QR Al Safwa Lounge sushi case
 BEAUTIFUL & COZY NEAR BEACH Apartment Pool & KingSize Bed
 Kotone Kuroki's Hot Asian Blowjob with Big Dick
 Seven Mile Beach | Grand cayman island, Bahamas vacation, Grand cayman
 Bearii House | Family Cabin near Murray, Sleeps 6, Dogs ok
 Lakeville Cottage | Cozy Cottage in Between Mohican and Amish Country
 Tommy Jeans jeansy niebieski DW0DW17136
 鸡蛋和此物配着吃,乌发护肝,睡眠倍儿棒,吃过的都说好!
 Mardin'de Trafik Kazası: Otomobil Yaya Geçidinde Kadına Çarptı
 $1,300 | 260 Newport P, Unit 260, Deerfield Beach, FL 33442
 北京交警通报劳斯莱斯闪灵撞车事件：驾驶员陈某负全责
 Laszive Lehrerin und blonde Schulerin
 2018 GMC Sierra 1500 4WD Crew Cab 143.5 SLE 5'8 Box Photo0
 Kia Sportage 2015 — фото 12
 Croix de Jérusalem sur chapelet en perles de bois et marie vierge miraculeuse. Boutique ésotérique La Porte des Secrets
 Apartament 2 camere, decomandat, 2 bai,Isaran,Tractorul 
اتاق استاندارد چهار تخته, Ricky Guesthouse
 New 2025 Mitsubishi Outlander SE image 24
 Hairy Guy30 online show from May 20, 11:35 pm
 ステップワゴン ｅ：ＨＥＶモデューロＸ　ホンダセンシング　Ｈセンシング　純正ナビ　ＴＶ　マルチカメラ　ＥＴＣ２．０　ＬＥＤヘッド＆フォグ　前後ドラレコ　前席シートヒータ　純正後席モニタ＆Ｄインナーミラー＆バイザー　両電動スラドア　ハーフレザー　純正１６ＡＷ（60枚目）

--------------------

What the task requires: Could you restate, word for word, every line from the one containing "Bearii House |" through the last line of the records above, and nothing more?

Exercise result:
 Bearii House | Family Cabin near Murray, Sleeps 6, Dogs ok
 Lakeville Cottage | Cozy Cottage in Between Mohican and Amish Country
 Tommy Jeans jeansy niebieski DW0DW17136
 鸡蛋和此物配着吃,乌发护肝,睡眠倍儿棒,吃过的都说好!
 Mardin'de Trafik Kazası: Otomobil Yaya Geçidinde Kadına Çarptı
 $1,300 | 260 Newport P, Unit 260, Deerfield Beach, FL 33442
 北京交警通报劳斯莱斯闪灵撞车事件：驾驶员陈某负全责
 Laszive Lehrerin und blonde Schulerin
 2018 GMC Sierra 1500 4WD Crew Cab 143.5 SLE 5'8 Box Photo0
 Kia Sportage 2015 — фото 12
 Croix de Jérusalem sur chapelet en perles de bois et marie vierge miraculeuse. Boutique ésotérique La Porte des Secrets
 Apartament 2 camere, decomandat, 2 bai,Isaran,Tractorul 
اتاق استاندارد چهار تخته, Ricky Guesthouse
 New 2025 Mitsubishi Outlander SE image 24
 Hairy Guy30 online show from May 20, 11:35 pm
 ステップワゴン ｅ：ＨＥＶモデューロＸ　ホンダセンシング　Ｈセンシング　純正ナビ　ＴＶ　マルチカメラ　ＥＴＣ２．０　ＬＥＤヘッド＆フォグ　前後ドラレコ　前席シートヒータ　純正後席モニタ＆Ｄインナーミラー＆バイザー　両電動スラドア　ハーフレザー　純正１６ＡＷ（60枚目）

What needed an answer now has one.